Perché il mercato del Verona mi è piaciuto

di Damiano Conati

Parto dalle cessioni. Marquez e Matuzalem rispediti in America per raggiunti limiti di età. Zaccagni in prestito alla capolista di Lega Pro per giocare e allenarsi per un determinato obiettivo e non per una anonima media classifica di B. Rafael, ormai messo ai margini della squadra, ceduto con la speranza di guadagnare qualcosa con il diritto di riscatto a giugno. 1 milione per Halfredsson, 32enne alla fine di un ciclo e desideroso di provare una nuova avventura, e 5 complessivi per Sala, deludente per mesi: rappresentano introiti importanti, impossibili da reperire tra 6 mesi. Visto il terribile girone d’andata e la probabile retrocessione, era necessaria una piccola rivoluzione ed è stata fatta in maniera oculata e remunerativa.
Capitolo acquisti. È vero, sono tanti prestiti secchi. Ma indubbiamente era difficile per un giocatore accettare una situazione di classifica e di umore simili a questa. Così si è optato per prestiti di un certo spessore: giocatori fisici e tecnici, adatti ad una media classifica di A. Samir, Gilberto, Furman, Rebic e Marrone. Uno: per non perdere del tutto la speranza o chiudere almeno con dignità; due: per avere a giugno una rosa ridotta, ma con un’ossatura comunque importante, e la possibilità di operare sul mercato, di A o B, con ampio margine e possibilità di scelta. 

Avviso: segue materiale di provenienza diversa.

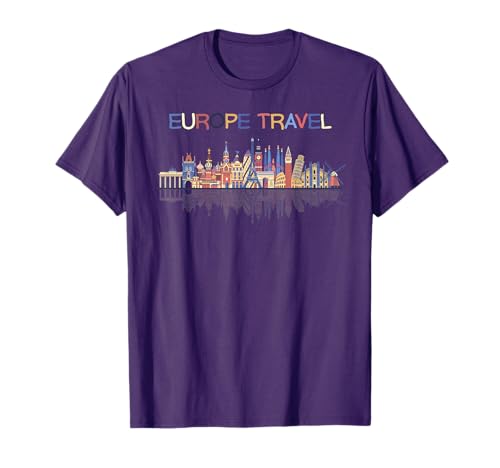 Colorful Travel around Europe Family Shirt European Vacation T-Shirt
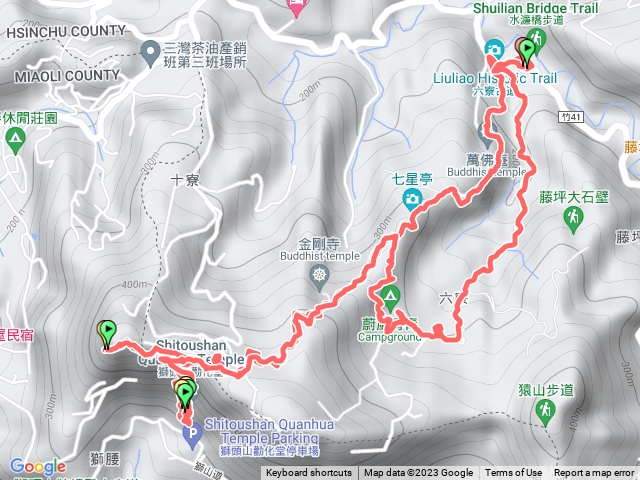獅山古道（獅山遊客中心起登-獅頭山-勸化堂-六寮古道回）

Anche se si è puntato principalmente su stranieri, il mercato di gennaio a me è piaciuto perché è andato completamente contro alle idee estive di Bigon: molti più giovani e tutti con esperienze nelle nazionali minori dei loro paesi. Con la speranza che sappiano fare meglio di chi è arrivato in estate e che, per vari motivi, finora ha profondamente deluso.